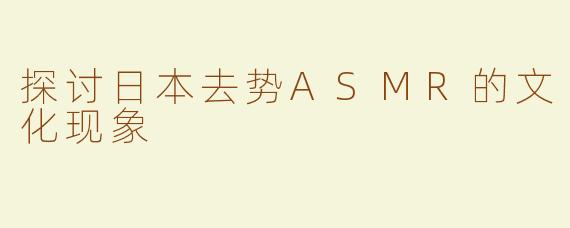 探讨日本去势ASMR的文化现象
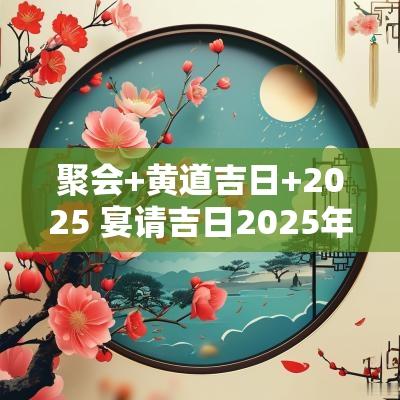 聚会+黄道吉日+2025 宴请吉日2025年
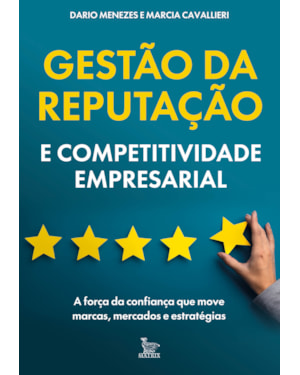 GESTÃO DA REPUTAÇÃO E COMPETITIVIDADE EMPRESARIAL: A FORÇA DA CONFIANÇA QUE MOVE MARCAS, MERCADOS E ESTRATÉGIAS.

WORK TASK :: Would you output the data exactly, without any of its images?

WRITTEN RESPONSE ::
 探讨日本去势ASMR的文化现象
 聚会+黄道吉日+2025 宴请吉日2025年
 GESTÃO DA REPUTAÇÃO E COMPETITIVIDADE EMPRESARIAL: A FORÇA DA CONFIANÇA QUE MOVE MARCAS, MERCADOS E ESTRATÉGIAS.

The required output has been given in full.